In Fulton and Harris' Representation Theory, right at the beginning when they introduce representations, they note
The dual $V^{\ast} = \mbox{Hom}(V,{\mathbb C})$ of $V$ is also a representation, though not in the most obvious way: we want the rwo representations of $G$ to respect the natural pairing (denoted $\langle\hspace{.1in}, \hspace{.1in}\rangle$) between $V^{\ast}$ and $V$, so that if $\rho:G\rightarrow \mbox{GL}(V)$ is a representation and $\rho^{\ast}:G\rightarrow \mbox{GL}(V^{\ast})$ is the dual, we should have $\langle\rho^{\ast}(g)(v^{\ast}), \rho(g)(v)\rangle = \langle v^{\ast},v\rangle$ for all $g\in G$, $v\in V$, and $v^{\ast}\in V^{\ast}$. This in turn forces us to define the dual representation by $\rho^{\ast}(g) = ^{t}\rho(g^{-1}):V^{\ast}\rightarrow V^{\ast}$ for all $g\in G$.
I have a few questions about this.
- What is this natural pairing they are referring to? Is it that we can make our basis such that $e^{\ast}_{i}(e_{j}) = \delta_{ij}$?
- (This may be answered by the question above) What is the equality between these two relationships implying?
- What is this notation in the definition of the dual representation — is this the transpose of the image of the inverse of $g$? Where is this coming from?
Best Answer
The natural bilinear pairing between $V^*$ and $V$ is the pairing $\langle \mathbf{f},v\rangle = \mathbf{f}(v)$ for each $\mathbf{f}\in V^*$ and each $v\in V$.
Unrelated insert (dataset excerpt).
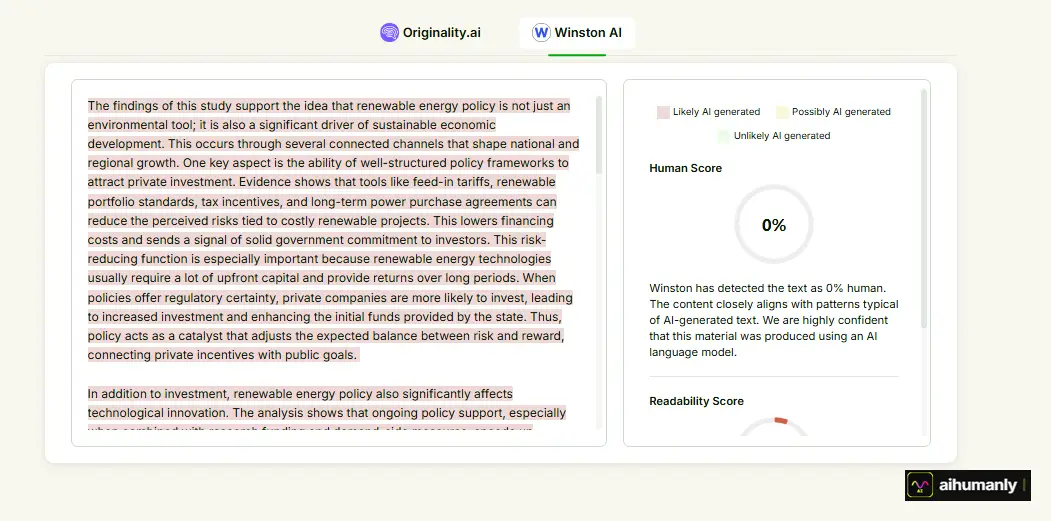 Grammarly Essay 2 — Winston AI Result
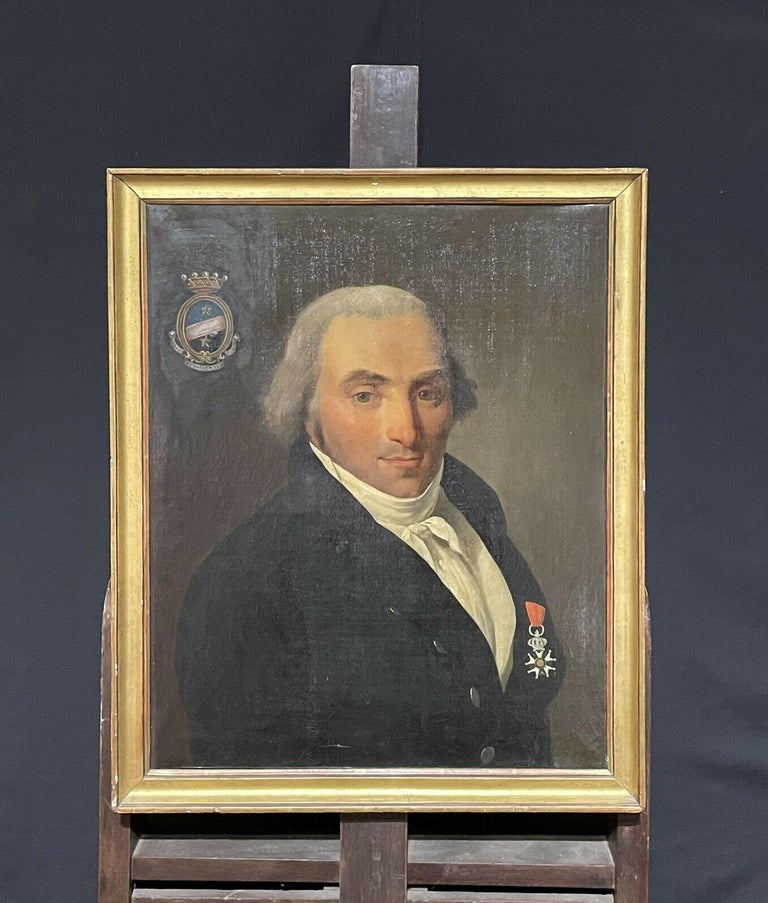 18th CENTURY FRENCH LARGE PORTRAIT OIL PAINTING - PORTRAIT OF AN ...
The equality means we want the representation of $V$ and that of $V^*$ to "respect" the relationship between $V^*$ and $V$. Let $v_1,\ldots,v_n$ be a basis for $V$, and let $v_1^*,\ldots,v_n^*$ be the dual basis. If $\rho\colon G\to \mathrm{GL}(V)$ be a representation and we want $\rho^*$ to satisfy the desired property, then we have $$\langle \rho^*(g)(v_i^*),\rho(g)(v_j)\rangle = \langle v_i^*,v_j\rangle = \delta_{ij}$$
That means that $\rho^*(g)(v_1^*),\ldots,\rho^*(g)(v_n^*)$ must be the dual basis to $\rho(g)(v_1),\ldots,\rho(g)(v_n)$.
But because a map $V\to W$ induces a map in dual spaces going the other way, $W^*\to V^*$, the way to achieve this is to map $V^*\to V^*$ by the map induced by $\rho(g^{-1})$, rather than the map induced by $\rho(g)$. And the map induced by $\rho(g^{-1})$ has matrix given by the conjugate transpose of the matrix given by $\rho(g^{-1})$.